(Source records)
###

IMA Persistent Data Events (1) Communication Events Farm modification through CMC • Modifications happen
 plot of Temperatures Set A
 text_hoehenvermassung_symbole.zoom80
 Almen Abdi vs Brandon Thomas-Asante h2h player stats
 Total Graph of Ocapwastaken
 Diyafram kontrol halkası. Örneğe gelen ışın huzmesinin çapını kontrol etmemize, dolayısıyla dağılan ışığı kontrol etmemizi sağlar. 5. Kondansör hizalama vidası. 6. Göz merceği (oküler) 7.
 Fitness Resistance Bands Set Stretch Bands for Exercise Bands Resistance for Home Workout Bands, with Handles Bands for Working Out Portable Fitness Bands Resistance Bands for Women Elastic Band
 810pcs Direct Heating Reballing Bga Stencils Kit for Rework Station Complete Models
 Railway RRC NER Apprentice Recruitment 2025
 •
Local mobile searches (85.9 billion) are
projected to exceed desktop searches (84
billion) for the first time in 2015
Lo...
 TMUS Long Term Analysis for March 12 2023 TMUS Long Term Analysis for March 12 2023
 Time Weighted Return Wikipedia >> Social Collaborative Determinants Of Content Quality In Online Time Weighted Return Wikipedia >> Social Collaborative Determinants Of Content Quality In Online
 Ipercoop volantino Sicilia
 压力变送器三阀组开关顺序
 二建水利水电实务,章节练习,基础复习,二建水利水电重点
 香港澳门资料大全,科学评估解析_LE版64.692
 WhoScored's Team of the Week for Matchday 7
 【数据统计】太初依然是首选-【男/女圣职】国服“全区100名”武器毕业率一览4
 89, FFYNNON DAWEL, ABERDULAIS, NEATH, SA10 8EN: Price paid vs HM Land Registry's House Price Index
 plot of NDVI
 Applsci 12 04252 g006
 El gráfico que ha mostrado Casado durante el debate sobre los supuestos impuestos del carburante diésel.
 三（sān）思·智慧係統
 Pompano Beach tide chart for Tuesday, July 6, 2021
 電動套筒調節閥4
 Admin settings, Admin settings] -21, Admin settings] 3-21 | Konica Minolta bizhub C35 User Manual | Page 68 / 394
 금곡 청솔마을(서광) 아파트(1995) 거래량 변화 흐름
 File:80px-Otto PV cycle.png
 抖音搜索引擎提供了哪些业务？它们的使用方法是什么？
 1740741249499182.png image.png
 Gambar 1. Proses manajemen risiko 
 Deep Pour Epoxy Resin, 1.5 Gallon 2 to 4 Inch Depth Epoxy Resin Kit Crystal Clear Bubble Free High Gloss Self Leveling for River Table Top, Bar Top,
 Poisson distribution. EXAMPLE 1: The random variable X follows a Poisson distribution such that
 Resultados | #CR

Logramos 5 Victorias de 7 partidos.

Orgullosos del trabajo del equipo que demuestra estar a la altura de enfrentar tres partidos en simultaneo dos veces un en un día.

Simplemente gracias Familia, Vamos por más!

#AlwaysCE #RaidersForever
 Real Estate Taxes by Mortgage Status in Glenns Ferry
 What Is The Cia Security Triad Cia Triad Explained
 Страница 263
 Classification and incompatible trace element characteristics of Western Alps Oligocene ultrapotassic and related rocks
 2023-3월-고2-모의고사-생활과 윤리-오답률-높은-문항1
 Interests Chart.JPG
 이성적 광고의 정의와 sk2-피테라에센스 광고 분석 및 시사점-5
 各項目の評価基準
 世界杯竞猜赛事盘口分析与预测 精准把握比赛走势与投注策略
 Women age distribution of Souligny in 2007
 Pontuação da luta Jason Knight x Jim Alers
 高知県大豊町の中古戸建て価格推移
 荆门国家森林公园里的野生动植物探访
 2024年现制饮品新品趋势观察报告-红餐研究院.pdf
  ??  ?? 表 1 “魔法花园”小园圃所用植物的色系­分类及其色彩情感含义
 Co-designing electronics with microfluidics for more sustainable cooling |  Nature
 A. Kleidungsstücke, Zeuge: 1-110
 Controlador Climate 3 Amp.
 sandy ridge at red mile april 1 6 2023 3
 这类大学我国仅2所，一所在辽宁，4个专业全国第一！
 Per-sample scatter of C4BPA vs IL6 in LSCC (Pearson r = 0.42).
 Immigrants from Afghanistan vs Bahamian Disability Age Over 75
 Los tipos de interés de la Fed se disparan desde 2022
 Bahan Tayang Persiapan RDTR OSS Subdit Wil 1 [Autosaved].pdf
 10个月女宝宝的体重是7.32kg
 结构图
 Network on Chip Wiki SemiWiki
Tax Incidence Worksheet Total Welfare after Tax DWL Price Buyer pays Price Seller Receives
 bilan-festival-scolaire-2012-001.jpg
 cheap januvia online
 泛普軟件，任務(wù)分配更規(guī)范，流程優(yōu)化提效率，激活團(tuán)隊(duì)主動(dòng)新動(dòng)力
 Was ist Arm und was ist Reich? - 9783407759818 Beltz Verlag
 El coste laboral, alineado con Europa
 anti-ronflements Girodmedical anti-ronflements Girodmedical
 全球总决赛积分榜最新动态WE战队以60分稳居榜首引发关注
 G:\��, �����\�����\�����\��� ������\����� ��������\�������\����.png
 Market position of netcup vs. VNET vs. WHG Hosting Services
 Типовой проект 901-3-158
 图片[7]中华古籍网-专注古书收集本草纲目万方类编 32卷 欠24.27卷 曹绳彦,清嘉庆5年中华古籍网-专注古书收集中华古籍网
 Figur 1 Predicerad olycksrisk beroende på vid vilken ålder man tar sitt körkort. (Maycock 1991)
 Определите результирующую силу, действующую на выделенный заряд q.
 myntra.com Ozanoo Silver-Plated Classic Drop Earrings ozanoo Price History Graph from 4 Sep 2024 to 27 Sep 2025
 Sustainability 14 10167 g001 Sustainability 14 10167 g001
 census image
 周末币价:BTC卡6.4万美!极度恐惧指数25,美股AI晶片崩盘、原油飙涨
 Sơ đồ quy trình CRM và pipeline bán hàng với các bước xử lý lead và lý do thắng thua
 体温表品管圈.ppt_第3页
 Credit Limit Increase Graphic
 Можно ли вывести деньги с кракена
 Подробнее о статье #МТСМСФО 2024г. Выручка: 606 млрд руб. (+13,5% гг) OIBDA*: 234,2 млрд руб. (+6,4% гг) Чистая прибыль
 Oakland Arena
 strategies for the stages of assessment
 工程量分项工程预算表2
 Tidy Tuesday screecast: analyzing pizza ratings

###

[YOUR INSTRUCTIONS] Every line above that holds the word "partidos" needs to be copied.

[TASK RESPONSE]
Logramos 5 Victorias de 7 partidos.
Orgullosos del trabajo del equipo que demuestra estar a la altura de enfrentar tres partidos en simultaneo dos veces un en un día.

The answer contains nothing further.